Graffiti: A Mark of Class and Distinction

Who thinks graffiti is awesome?

Don't bother raising your hands. I can just tell by the paint stains on your fingers.

What a wonderful sense of power you must feel as you express yourself and show the world that you, an otherwise ordinary teenager, have the ability to write your name on other people's property. What a festive air your illegible scrawls add to any neighborhood. What a wonderful demonstration of the triumph of the public school system.

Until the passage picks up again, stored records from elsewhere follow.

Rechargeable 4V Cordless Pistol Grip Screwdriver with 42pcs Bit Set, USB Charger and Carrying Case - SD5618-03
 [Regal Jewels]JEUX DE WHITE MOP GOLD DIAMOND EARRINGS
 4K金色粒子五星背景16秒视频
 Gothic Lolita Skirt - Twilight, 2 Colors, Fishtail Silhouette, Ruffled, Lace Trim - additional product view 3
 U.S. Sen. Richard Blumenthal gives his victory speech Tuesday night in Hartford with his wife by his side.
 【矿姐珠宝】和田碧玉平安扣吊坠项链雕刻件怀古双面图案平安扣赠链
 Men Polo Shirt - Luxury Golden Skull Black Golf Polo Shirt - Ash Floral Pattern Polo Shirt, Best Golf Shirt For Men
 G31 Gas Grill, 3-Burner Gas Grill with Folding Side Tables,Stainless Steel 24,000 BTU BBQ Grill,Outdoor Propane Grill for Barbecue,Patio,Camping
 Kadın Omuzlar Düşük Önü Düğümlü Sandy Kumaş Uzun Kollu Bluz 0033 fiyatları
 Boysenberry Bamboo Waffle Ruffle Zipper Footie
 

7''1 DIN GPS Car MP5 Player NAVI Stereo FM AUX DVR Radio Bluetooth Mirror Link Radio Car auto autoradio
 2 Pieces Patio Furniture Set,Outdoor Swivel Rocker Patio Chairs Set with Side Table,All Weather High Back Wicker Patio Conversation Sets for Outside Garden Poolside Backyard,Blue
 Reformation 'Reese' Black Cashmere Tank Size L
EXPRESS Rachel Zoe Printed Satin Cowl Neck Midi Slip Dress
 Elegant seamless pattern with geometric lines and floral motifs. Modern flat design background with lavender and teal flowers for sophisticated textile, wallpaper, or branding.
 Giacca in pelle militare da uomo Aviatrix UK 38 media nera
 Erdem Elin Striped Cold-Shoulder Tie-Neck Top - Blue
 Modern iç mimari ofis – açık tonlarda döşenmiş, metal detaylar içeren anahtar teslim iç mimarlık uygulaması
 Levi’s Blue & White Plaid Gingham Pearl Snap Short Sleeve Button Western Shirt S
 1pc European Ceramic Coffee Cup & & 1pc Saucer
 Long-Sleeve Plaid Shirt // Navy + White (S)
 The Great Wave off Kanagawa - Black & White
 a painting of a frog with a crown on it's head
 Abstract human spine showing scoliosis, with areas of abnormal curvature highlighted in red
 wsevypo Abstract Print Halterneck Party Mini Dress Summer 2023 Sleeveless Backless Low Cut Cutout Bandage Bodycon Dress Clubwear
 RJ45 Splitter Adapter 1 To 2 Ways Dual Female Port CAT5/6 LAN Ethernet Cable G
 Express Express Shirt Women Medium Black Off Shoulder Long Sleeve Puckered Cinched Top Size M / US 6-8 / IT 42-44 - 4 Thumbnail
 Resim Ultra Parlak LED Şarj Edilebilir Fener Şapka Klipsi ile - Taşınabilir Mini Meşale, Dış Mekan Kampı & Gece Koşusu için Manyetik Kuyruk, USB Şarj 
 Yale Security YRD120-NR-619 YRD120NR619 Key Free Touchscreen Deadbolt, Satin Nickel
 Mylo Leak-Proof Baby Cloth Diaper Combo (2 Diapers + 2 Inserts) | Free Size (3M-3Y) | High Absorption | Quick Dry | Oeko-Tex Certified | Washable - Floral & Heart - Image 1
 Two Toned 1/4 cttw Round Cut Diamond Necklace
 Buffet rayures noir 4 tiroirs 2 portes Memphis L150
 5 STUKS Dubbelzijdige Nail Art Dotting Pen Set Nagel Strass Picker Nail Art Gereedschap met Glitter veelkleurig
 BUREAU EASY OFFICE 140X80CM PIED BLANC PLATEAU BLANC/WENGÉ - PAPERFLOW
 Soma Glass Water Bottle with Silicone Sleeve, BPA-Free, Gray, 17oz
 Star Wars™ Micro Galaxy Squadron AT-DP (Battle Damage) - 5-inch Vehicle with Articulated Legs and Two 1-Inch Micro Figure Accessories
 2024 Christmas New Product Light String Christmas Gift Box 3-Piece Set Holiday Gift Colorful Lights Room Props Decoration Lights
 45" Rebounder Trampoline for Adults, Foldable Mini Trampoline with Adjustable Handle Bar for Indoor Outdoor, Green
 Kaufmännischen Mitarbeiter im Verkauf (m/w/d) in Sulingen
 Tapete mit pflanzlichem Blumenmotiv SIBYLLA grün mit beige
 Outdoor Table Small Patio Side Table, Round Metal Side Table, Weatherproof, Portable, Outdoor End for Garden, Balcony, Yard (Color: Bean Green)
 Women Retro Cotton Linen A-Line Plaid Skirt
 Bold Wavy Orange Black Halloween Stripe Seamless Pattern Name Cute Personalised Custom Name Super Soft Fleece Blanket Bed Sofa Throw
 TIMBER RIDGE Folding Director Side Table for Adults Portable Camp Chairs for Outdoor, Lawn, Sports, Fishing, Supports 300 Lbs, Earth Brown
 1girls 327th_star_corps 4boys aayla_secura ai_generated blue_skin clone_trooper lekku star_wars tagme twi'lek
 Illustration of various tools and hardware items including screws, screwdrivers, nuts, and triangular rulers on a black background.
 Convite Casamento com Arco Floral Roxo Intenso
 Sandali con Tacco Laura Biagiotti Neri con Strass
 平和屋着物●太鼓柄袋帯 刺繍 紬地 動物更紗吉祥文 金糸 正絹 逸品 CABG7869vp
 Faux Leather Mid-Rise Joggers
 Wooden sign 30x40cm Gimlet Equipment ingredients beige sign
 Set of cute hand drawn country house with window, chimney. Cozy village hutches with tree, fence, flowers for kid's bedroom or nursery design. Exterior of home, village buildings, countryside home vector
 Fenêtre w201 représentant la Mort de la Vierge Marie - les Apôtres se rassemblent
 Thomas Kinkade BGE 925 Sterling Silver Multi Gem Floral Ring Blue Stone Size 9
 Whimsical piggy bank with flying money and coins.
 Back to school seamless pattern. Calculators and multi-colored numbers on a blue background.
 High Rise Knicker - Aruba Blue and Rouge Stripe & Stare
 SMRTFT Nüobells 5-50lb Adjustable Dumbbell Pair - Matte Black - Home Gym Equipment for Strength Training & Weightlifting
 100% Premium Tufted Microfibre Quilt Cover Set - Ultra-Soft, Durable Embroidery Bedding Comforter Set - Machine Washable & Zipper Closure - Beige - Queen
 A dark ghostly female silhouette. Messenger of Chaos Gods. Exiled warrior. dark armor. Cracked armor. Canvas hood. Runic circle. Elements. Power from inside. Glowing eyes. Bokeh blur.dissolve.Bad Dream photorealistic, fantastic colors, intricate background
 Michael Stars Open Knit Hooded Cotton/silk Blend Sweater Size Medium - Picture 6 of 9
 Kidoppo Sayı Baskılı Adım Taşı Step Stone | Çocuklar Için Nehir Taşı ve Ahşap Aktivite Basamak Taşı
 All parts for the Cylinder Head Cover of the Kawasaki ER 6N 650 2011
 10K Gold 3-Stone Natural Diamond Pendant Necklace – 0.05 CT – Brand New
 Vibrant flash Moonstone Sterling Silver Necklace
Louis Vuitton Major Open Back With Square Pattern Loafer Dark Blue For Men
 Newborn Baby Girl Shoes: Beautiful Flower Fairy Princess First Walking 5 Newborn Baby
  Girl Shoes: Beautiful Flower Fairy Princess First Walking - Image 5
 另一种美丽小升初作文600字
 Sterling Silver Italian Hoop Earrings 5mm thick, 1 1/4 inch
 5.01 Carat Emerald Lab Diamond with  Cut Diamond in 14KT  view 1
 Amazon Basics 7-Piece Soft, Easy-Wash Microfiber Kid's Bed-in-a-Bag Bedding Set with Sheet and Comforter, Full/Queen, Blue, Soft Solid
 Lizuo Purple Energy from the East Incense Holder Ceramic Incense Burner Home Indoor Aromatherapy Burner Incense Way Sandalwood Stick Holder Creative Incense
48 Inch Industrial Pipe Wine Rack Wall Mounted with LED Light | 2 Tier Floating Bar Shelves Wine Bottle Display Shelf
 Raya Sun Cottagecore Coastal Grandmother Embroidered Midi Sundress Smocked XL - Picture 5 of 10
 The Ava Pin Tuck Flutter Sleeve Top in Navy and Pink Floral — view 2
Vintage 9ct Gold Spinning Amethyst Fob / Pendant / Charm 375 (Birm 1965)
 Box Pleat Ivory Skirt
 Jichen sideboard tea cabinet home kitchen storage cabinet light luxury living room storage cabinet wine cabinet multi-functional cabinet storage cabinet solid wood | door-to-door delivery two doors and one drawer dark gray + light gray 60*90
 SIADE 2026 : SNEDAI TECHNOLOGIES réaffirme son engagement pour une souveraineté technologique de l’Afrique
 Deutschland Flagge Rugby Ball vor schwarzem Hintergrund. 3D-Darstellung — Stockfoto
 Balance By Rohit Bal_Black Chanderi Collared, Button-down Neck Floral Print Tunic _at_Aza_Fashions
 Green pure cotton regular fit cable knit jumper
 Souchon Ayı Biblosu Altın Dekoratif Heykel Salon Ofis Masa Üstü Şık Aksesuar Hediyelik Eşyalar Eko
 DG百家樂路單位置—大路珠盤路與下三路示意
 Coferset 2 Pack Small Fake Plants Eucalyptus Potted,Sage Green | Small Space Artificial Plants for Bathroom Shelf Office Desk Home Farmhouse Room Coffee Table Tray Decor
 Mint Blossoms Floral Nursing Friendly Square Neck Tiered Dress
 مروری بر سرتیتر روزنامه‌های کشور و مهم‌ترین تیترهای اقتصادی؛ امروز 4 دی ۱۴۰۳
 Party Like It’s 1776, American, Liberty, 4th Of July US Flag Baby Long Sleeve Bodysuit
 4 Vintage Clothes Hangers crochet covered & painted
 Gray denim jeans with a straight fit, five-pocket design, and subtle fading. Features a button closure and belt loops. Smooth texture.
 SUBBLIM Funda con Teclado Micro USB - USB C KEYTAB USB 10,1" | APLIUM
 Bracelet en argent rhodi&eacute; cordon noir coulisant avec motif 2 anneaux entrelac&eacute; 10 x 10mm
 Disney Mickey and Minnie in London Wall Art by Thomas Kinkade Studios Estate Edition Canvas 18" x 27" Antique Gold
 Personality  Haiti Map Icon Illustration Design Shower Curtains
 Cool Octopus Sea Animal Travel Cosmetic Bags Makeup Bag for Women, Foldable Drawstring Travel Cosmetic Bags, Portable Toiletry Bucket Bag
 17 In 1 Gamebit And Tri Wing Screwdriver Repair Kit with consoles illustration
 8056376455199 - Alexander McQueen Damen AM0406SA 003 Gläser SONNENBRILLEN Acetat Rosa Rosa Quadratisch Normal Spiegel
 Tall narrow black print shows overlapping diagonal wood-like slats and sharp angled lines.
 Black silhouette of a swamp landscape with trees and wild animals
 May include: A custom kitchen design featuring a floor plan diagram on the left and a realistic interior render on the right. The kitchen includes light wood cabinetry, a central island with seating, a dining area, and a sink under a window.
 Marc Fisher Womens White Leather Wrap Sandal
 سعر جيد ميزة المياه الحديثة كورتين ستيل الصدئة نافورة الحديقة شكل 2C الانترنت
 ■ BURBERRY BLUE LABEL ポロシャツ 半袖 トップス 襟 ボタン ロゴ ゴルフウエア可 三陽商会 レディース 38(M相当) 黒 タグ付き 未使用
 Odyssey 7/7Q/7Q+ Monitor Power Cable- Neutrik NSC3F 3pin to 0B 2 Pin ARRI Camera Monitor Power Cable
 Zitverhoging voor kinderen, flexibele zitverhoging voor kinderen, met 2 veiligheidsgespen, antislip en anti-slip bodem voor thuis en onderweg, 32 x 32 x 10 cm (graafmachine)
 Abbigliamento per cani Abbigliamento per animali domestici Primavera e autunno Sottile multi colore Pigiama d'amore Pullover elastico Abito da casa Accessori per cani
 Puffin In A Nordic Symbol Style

Certainly, the homeowner would not have built such a boring, pristine wall if they did not intend for you to improve it with your sophomoric decorative ability. Yes, tagging is a great boon to everyone. People love seeing your handiwork livening up an otherwise antiseptic area. How generous of you to share your "art" with the world, for free, in spaces where everyone can see it.

If you really think tagging is fun, though, you should probably try to share the experience and bring it home, so you can enjoy it as much as those people whose views you have so lovingly graffitied. Why not invite adults—me, for example—over to your home? Show me your bedroom. Let me take stock of all your most prized possessions, those materials objects for which you have worked the hardest, saved the longest. I want you to experience that same sensation I feel when I see the gift you've left on my fence.

I'll bring my Sharpie. Indelible ink is so much fun. Once you let me know which objects you have toiled so hard to earn, I will demonstrate my ability to write my name on your stuff. Isn't that great? Now you can understand the joy I feel when I see your juvenile territorial markings.

Oh, wait, I forgot. You're a teenager. You probably don't have any expensive stuff, and if you do, you probably didn't work to earn it, and if you did, you are most likely not blessed with the free time and amoral creativity that possesses some adolescents to uglify other peoples' things with their name.

Yes, you certainly have made that fence your own, much in the same way that my cat has also taken possession of the same real estate by urinating upon it. Congratulations.

1 comments:

M. Utarkis said...

Although I live in a small city, tagging is as rampant an activity here as anywhere in the country. I am also acquainted with the majority of building maintenance companies here, and on first-name basis with several dozen caretakers, building managers, and guys-who-do-the-actual-work.

Even -mentioning- taggers to them is enough to cause pigeons to flee in panic.